In order to cock the launching mechanism 50 and load a projectile into the barrel 36, a user moves the sliding portion 60 backward away from the barrel 36. As shown in FIG. 5B, the sliding portion 60 and protruding portion 61 slide backward and the protruding portion 61 pulls the tab 62 and the piston 56 backward toward the holding member 66. In the illustrated arrangement, the piston 56 moves at least partially out of the outer cylinder 52. The shaft 74 moves backward away from the front tab 72b and engages the rear tab 72a. Preferably, any backward movement of the sliding portion 60 moves the piston 56 backward, while backward movement of the sliding portion 60 does not cause the outer cylinder 52 to move until the shaft 74 moves a distance and engages the rear tab 72a. As the piston 56 moves backward, the launching spring 54 is compressed. As the sliding portion 60 moves backward away from the barrel 36, it disengages the stop member 78 and the stop member 78 moves upward to the stopping position.

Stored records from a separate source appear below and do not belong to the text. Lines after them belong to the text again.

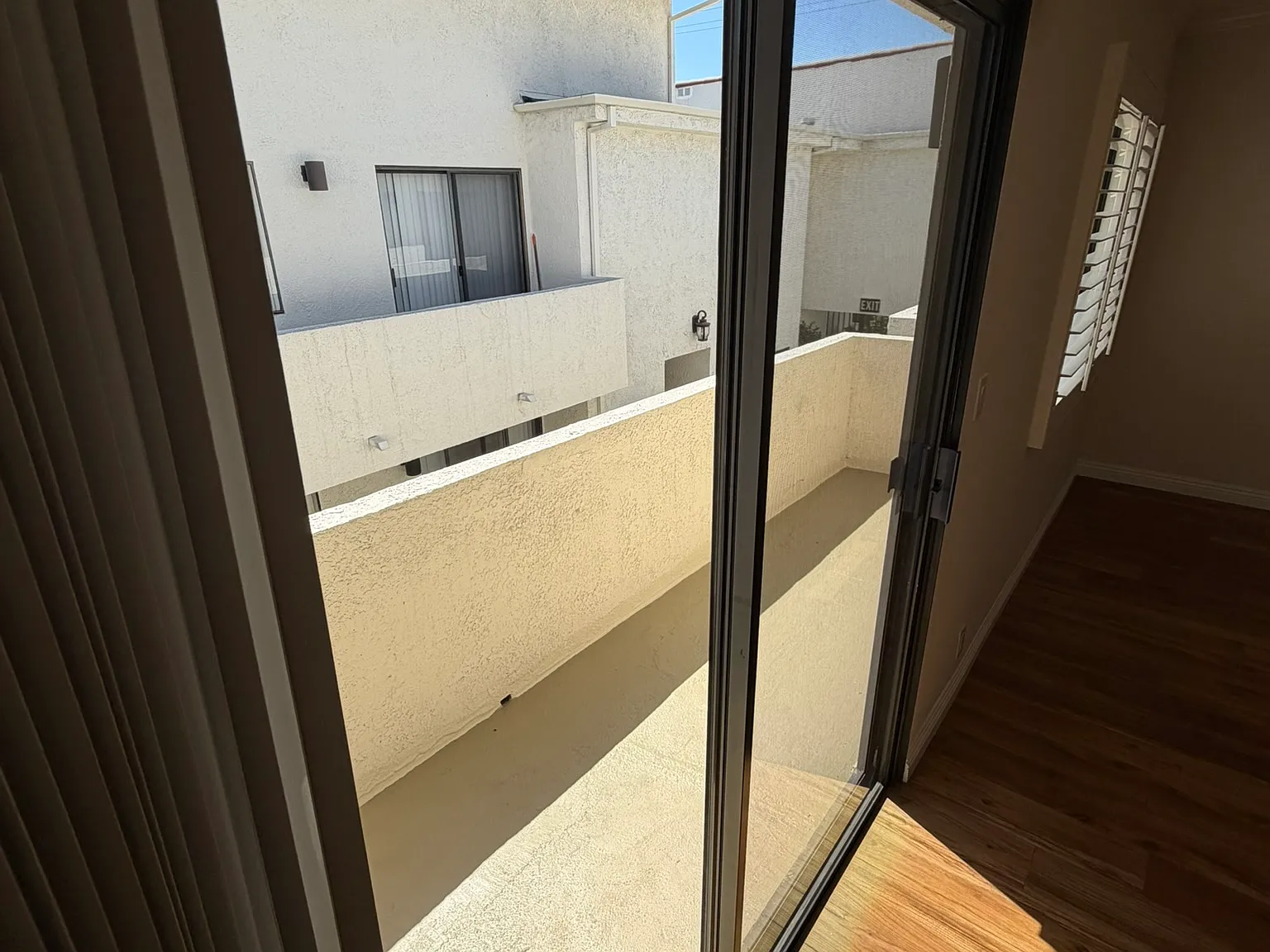 2 bed, 800 sqft, $2,600 — Photo 4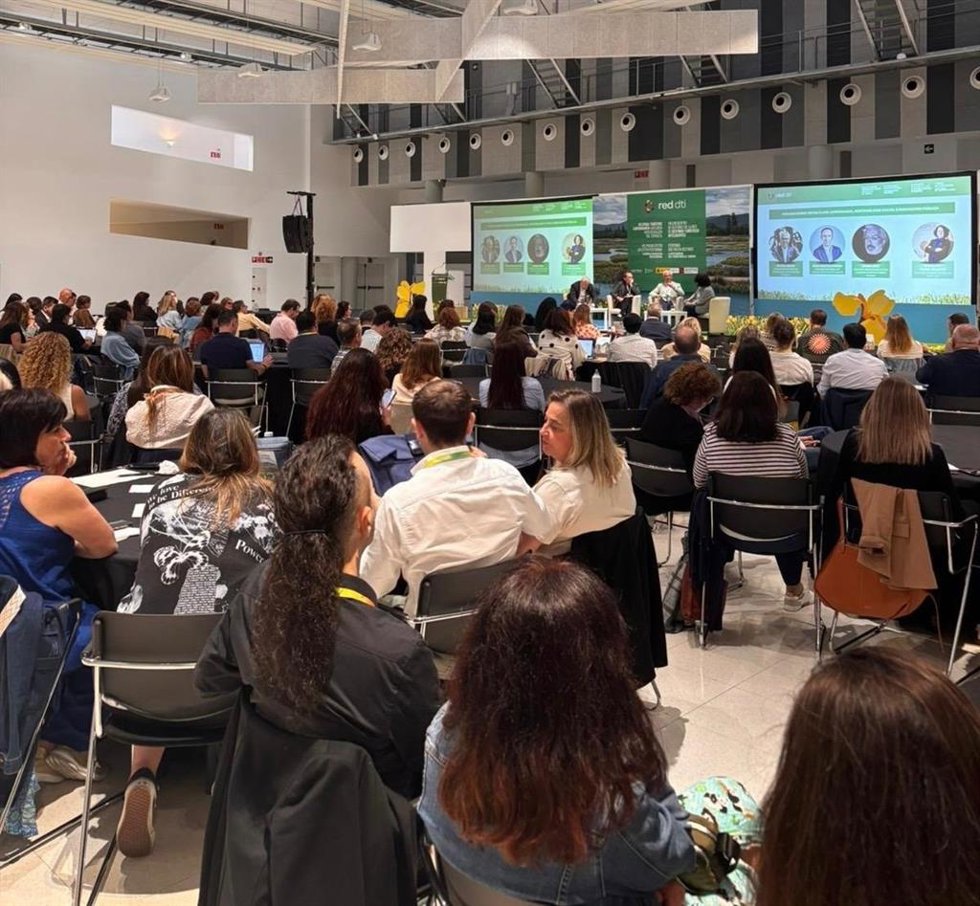 VIII Encuentro de Gestores de la Red de Destinos Turísticos Inteligentes (DTI) que se celebra en Vitoria.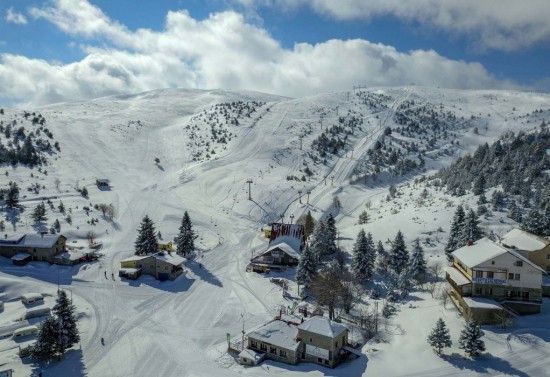 Νάουσα: Ανοίγει τις πύλες του στο κοινό το χιονοδρομικό κέντρο 3-5 Πηγάδια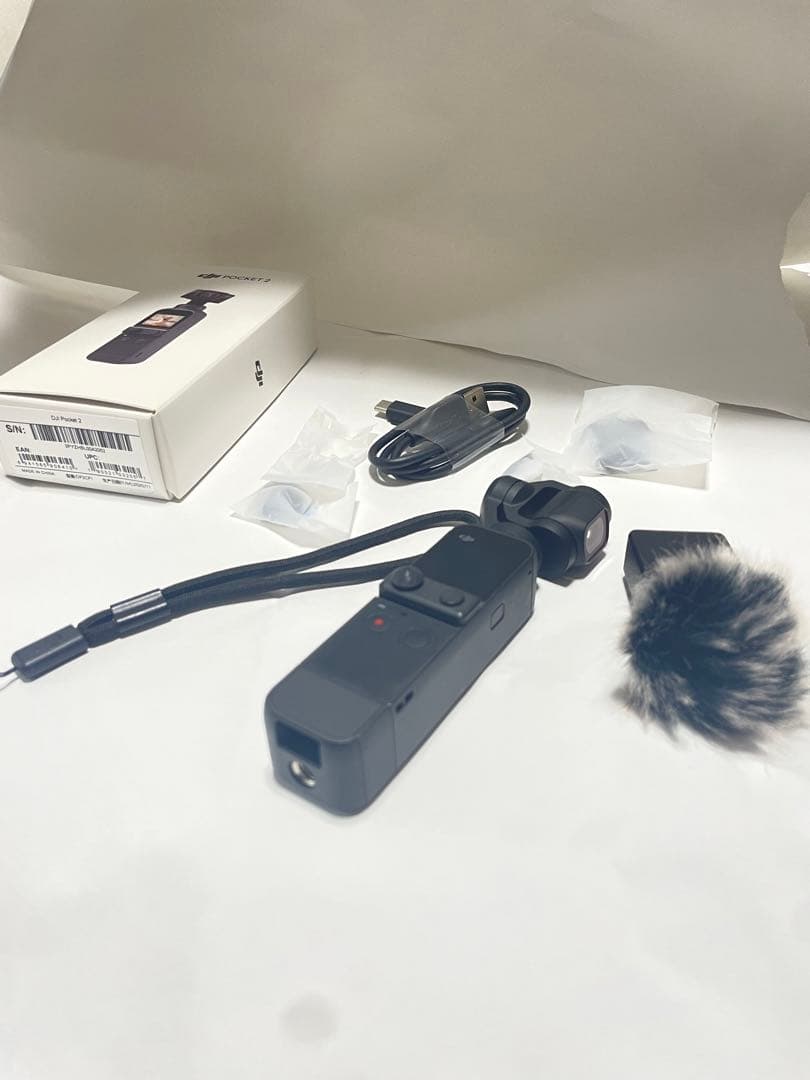 DJI Pocket 2 ビデオカメラ 本体 + 付属品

As the user continues to pull the sliding portion 60 backward, the protruding portion 61 moves the piston 56 further rearward toward the holding member 66. The shaft 74 engages the rear tab 72a and moves the outer cylinder 52 rearward in the same direction as the piston 56. The protruding portion 61 and shaft 74 move the piston 56 and outer cylinder 52 in a rearward direction until the latch portion 64 moves past and is engaged by the holding member 66 and the loading member 53 is removed from the entry portion 40 of the barrel 36. As illustrated in FIG. 5C, when the sliding portion 60 is moved backward to the cocking position, the latch portion 64 of the piston 56 is engaged and held by the holding member 66. Preferably, the latch portion 64 and the holding member 66 are configured so that, as the piston 56 moves backward, the latch portion engages and displaces the holding member 66 upward. After the latch portion 64 has moved backward past the holding member 66, the holding member 66 moves downward, in response to the biasing force of the biasing mechanism or holding spring 68, and secures the latch portion 64 and piston in a cocked position.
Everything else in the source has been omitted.